Clearly, adjustable loan rates will move up with the Fed increases and longer-term rates have been cheap relative to the value of the long-term lock-in. But, the Fed has to be concerned with the relatively flat yield-curve, especially in a world of government overspending and heavy consumer debt. While the curve has steepened a bit in recent weeks, the 10-year Treasury rate at about 5.1% is too low. Bernanke would like to see a higher long-term rate, as the Fed has mostly pushed up rates on short-term Treasuries and debt tied to those rates. Eventually, with continuing energy price and commodity price inflation, the 30-year bond rate should rise closer to the 5.5% to 6% range. However, it will still take a few months. Mortgage rates should still be decent for most borrowers over the next couple of months.

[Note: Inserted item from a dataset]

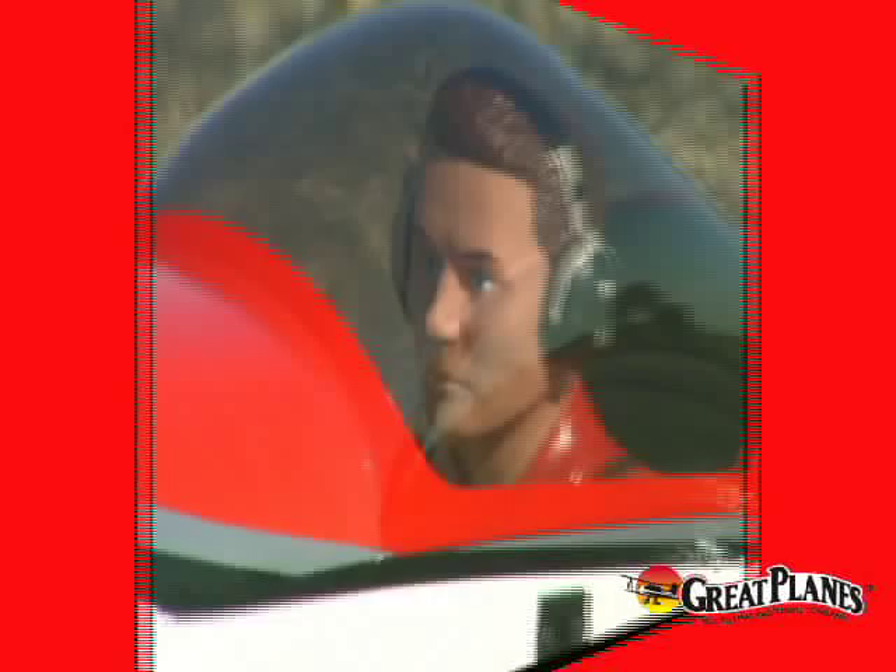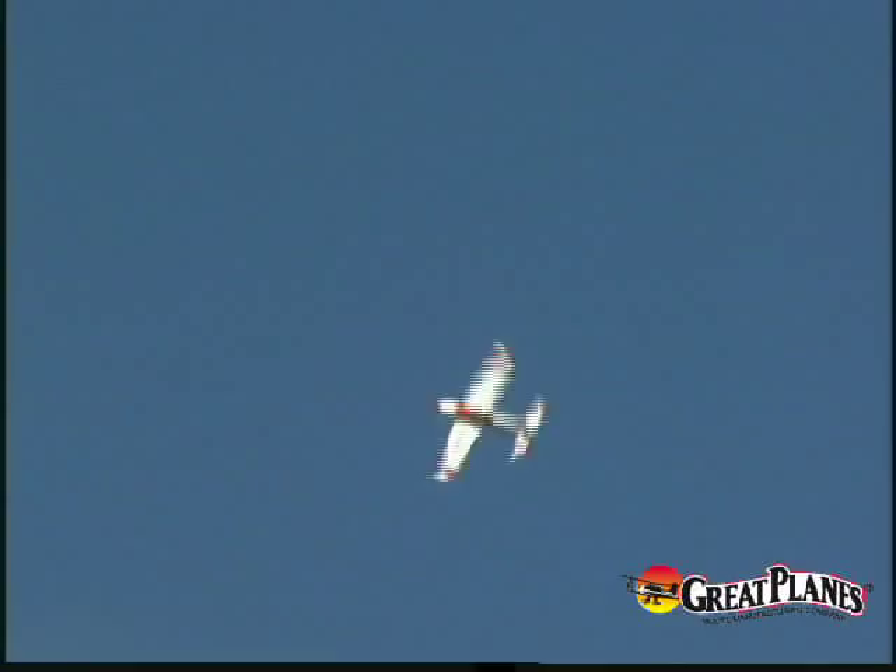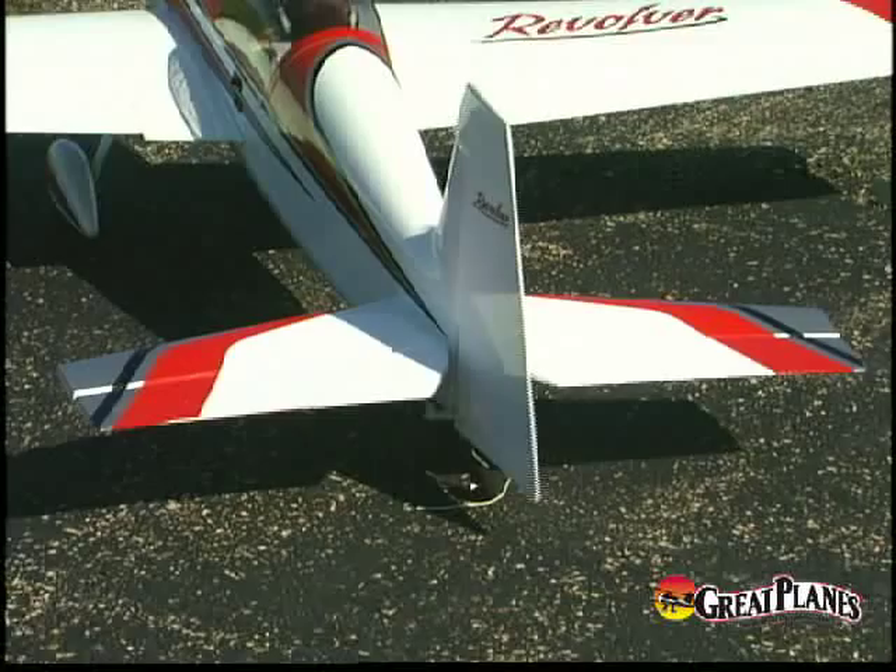Of course, you would expect this plane to fly as well as it looks, and it does. The aileron linkages are short and direct, and the tail surfaces have an airfoil shape that lets the Revolver lock in and track solidly. This hatch allows you to get to the radio gear quickly, or a LiPo battery if you're flying electric.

Consumer Prices and Energy Costs
The main Consumer Price Index in April rose from its March level and April consumer prices were about 3.5% higher than those of April 2005. Energy was running about 18% higher and food was 1.8% higher than last April. The most important “core” inflation rate, when food and energy are subtracted out, rose 2.3% which is higher than in recent months. The stock market Dow Industrials index dropped about 175 points when this report was released, anticipating further Fed rate rises. So far, analysts are still sticking with their slide-rules and believe that the overall inflation rate will stay in the 3% to 3.5% range in 2006, with “core” inflation in the low 2% range.
The Bottom Line
The 2006 market will be solid overall, even as the pace of sales is slowing. The big challenge will be to get the market to trade. Overly optimistic sellers may still be praying for bidding wars, but those prayers will be in vain. And, it will be harder to convince them that prices are not where they were a year ago. The huge inventory of both single-family and condo/ coop properties will be a problem for prices. While prices will still be good, early spring numbers suggest a smaller unit volume and likely smaller total dollar volume. As in New Orleans, the good times will continue to roll, but it won’t be like last year.